# What is your preferred method of making bells?



## ForestaNinfa (Mar 20, 2016)

What's your favorite way to make bells?
Do you have a specific order of doing things? 

I really like beetle and fruit harvesting!


----------



## davidlblack (Mar 21, 2016)

Island. Hunting and catching is a bunch of fun!


----------



## FoxFeathers (Mar 21, 2016)

Island bug hunting and fishing. Though if I need a little quick cash, bamboo or perfect fruit is usually were I go.


----------



## jozial (Mar 21, 2016)

I just buy bells from other people with another game's currency. I'm actually really bad at animal crossing. lmao


----------



## quietly-stuttered (Mar 21, 2016)

Going to the Island if I need a hella lot of bells, otherwise I'll fish and catch bugs maybe sell some of my perfect fruit in my bf's town, go through my closet and get rid of things I don't need anymore. I don't have a system for generating bells or anything because I'n not trying to speed though and just get everything at once. I kinda like just relaxing with the game. -u-


----------



## radioloves (Mar 21, 2016)

Bug and fish farming at night on the island, maybe hacking, buying bells off the forums, or trading with people. My main resort is the island, also use the bugs I caught for the muesum and it's always unlimited and free to use cx


----------



## Kirbystarship (Mar 21, 2016)

Selling Perfect Fruit because you can get 3k for each fruit and it doesn't take a long time like bug hunting and fishing.


----------



## Mayor Yosuke (Mar 21, 2016)

Island time, selling perfect fruit in someone else's town, harvesting my bamboo.


----------



## Tyboy000 (Mar 21, 2016)

Fishing and bug catching, especially in the summer.


----------



## ForestaNinfa (Mar 22, 2016)

I've noticed that the island is definitely the best after 8 or 9 p.m. for beetles and fish.


----------



## lostineverfreeforest (Mar 22, 2016)

I buy turnips and sell them in a town with an extremely high price. r/ACTurnips is a great place to find a town. Can make up to 10 million bells in a single run with full lockers.


----------



## padfoot6 (Mar 23, 2016)

Definitely fishing and bug hunting at the island! The stalk market comes in 2nd place though, but it's a lot of work finding a good price.


----------



## Terabyte (Mar 23, 2016)

Beetle hunting in the evening during summer is definitely my preferred method. Doing it with friends is really fun as well, except for if/when they scare off your perfect catch.


----------



## wolfie1 (Mar 23, 2016)

Beetle hunting on the island, even though it is a little bit time consuming.


----------



## Kaelum (Mar 23, 2016)

I just dig up fossils every day.
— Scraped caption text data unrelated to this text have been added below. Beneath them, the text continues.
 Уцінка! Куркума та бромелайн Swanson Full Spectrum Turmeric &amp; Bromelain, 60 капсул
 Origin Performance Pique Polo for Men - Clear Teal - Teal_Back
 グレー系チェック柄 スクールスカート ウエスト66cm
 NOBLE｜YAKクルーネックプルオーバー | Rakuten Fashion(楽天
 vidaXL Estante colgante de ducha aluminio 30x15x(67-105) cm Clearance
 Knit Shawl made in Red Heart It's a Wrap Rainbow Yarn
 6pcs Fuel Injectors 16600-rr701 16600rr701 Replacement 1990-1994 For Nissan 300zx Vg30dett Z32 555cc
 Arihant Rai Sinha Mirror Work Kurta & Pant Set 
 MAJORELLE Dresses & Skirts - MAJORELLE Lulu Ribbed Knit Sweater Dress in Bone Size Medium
That's about it.
I don't have the motivation to do lots of beetle hunting on the island... OTL;;


----------



## Brobasaur (Mar 24, 2016)

Usually just collect fruit. I go for Beetles or selling tbt if I need it fast.


----------



## ForestaNinfa (Mar 24, 2016)

lostineverfreeforest said:


> I buy turnips and sell them in a town with an extremely high price. r/ACTurnips is a great place to find a town. Can make up to 10 million bells in a single run with full lockers.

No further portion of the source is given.